Note in passing that if we wanted to separate the functionality of
numpy from that of Python itself, we could import it so that all of
numpy is a class.
Most people find typing e.g. `numpy.array` tedious. In order
to shorten that notation, they load numpy with a shorter name, typically
`np`. Observe too what happens when you multiply arrays.

>>> import numpy as np >>> v=np.array([1,2,3]) >>> u=np.array([-1,-2,-3]) >>> u+v array([0, 0, 0]) >>> u*v array([-1, -4, -9])

For emphasis, if you prefer to use numpy constructs as essential parts
of Python, then import numpy using the statement `from numpy import *`.
If you like using it as its own independent class in Python, use something
like `import numpy` or `import numpy as np`. We will always
use the first format so we do not have to prepend numpy or np to every
numpy construct. We nod to those who say that it is unwise to use this
form, because names from numpy could overwrite native names for Python.
We have have never had a problem with this, and see too many advantages to
not having to prepend "np." to everything to do otherwise.
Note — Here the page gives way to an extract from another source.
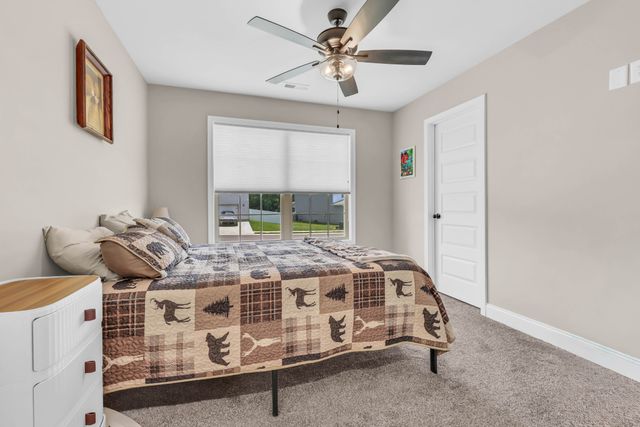 1195 Boulder Pass Rd, Clarksville, TN 37040
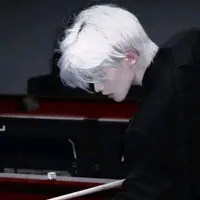 Lục Hoàng Thiên/na9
The array class can do structures of higher dimension as well, but it has one
minor flaw, from a mathematician's point of view: it does not know about matrix
multiplication. It can do that using the `dot` function, so if you like
the array class, you may use it. Since this is a math class, we will be doing
linear algebra exclusively, so if you like you could use the matrix,
which is designed to treat all arrays as two-dimensional, and knows about
matrix multiplication.
This is easier to see in action.

>>> v=matrix([1,2,3]) >>> u=matrix([-1,-2,-3]) >>> v matrix([[1, 2, 3]]) >>> v.T matrix([[1], [2], [3]]) >>> u*v.T matrix([[-14]]) >>> u.T*v matrix([[-1, -2, -3], [-2, -4, -6], [-3, -6, -9]])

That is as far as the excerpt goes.